No ninho tucano, que discutirá a posição sobre o futuro governo na próxima semana, Lula arregimentou o apoio da velha guarda, com Fernando Henrique Cardoso e Tasso Jereissati, mas encontra resistências entre as lideranças mais novas. Para garantir a aproximação, o PT cogita oferecer espaço no governo ao tucanato e Tasso poderia virar ministro. O Cidadania, que compõe uma federação com o PSDB e funciona sob a batuta de Roberto Freire, é uma incógnita, embora tenha apoiado o petista no segundo turno. “Estamos avaliando se ampliaremos a federação, com a incorporação de MDB e Podemos. Isso pode influenciar”, pontua. Frise-se que o Podemos tem maioria bolsonarista.

Senado extremista

O União Brasil rachará. Luciano Bivar é simpático a Lula, mas correligionários dele apontam a dificuldade de um apoio formal, já que a sigla abriga um núcleo forte de críticos do ex-presidente, integrado por aliados de ACM Neto, Soraya Thronicke e Sergio Moro.“Minha opinião é que devemos adotar posição de independência ou de oposição. É o que mais conversa com a postura do partido durante a campanha”, pontua o ex-ministro Mendonça Filho.

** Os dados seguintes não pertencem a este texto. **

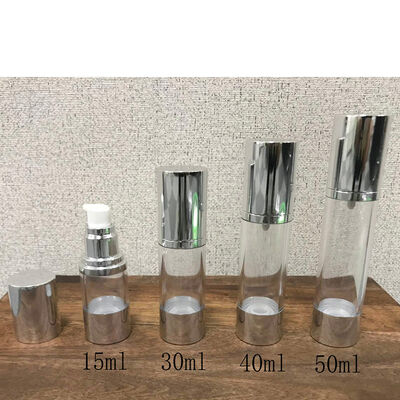 ストック空 15ml 30ml 40ml 50ml スクリューロックポンプ プラスチック空気の無いローションポンプ ボトル 化粧品の包装のための銀のキャップ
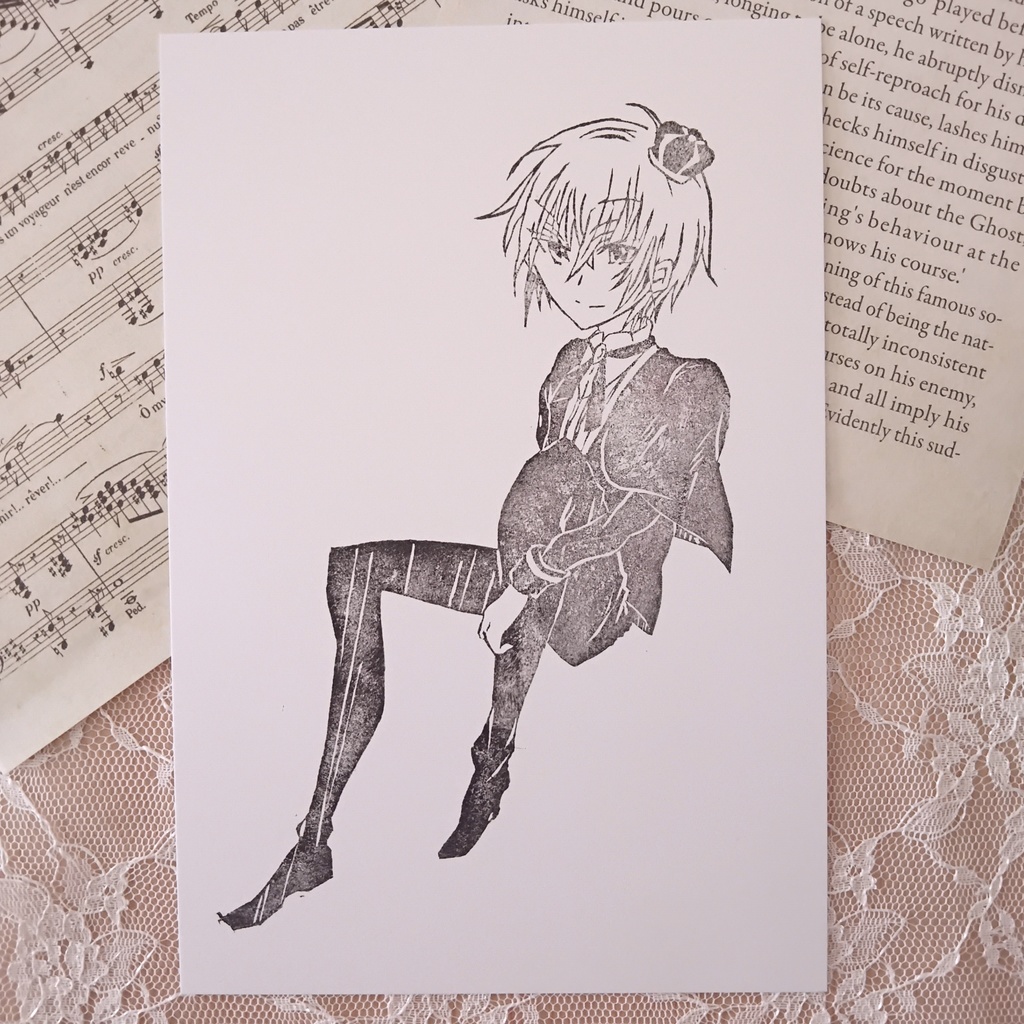 クラウンをのせた高貴な王子様の消しゴムはんこ ケープ付き正装 男の子 受注 判子 スタンプ イラスト マンガ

Apenas com o mapeamento da Câmara em mãos, Lula decidirá qual postura adotar diante da candidatura de Arthur Lira à reeleição. Uma ala do PT avalia que, se o ex-presidente não conquistar uma base forte e fiel logo na largada, não seria prudente embarcar na aventura de um oponente do deputado, sob o risco de criar um “Eduardo Cunha 2.0”. “Acho muito difícil tirar essa eleição do Lira. Talvez seja um risco desnecessário. Vivi o período Eduardo Cunha e, cada vez que lembro, creio que temos de apostar em um forte diálogo e construir um grande acordo”, analisa um petista, que prefere não se identificar. “Mas isso, claro, será muito discutido no PT. Lira exagerou na mão durante a campanha de Bolsonaro e suas intenções não estão claras”, completa.

No Senado, a situação não será mais leve. O Salão Azul abrigará algumas das mais eloquentes lideranças radicais, como Damares Alves e Magno Malta. Por saber o desafio que o espera, o petista pisou no freio e reavalia a alocação de alguns senadores eleitos como ministros. É que suplentes costumam ter menos traquejo e cacife político para negociar. “A base precisa ser forte lá. Senão viramos saco de pancadas”, explica um nome da cozinha lulista. O ex-presidente, porém, conta com um refresco: Rodrigo Pacheco, que terá seu apoio, é bem avaliado pelos pares e está com a recondução ao comando do Congresso encaminhada.

Na prática, Lula parece viver uma réplica da história norte-americana. Bolsonaro segue os exatos passos de Donald Trump, o qual, depois da derrota para Joe Biden e a contestação do resultado, agiu para preservar a união de sua base e influiu nas “midterms”, a fim de garantir a presidência da Câmara ou do Senado aos republicanos e prejudicar a agenda de Biden, para, então, retornar à cena na próxima eleição. Diante do paralelo, o petista terá de se atentar para encontrar um antídoto e evitar um desfecho similar ao que se desenha nos Estados Unidos.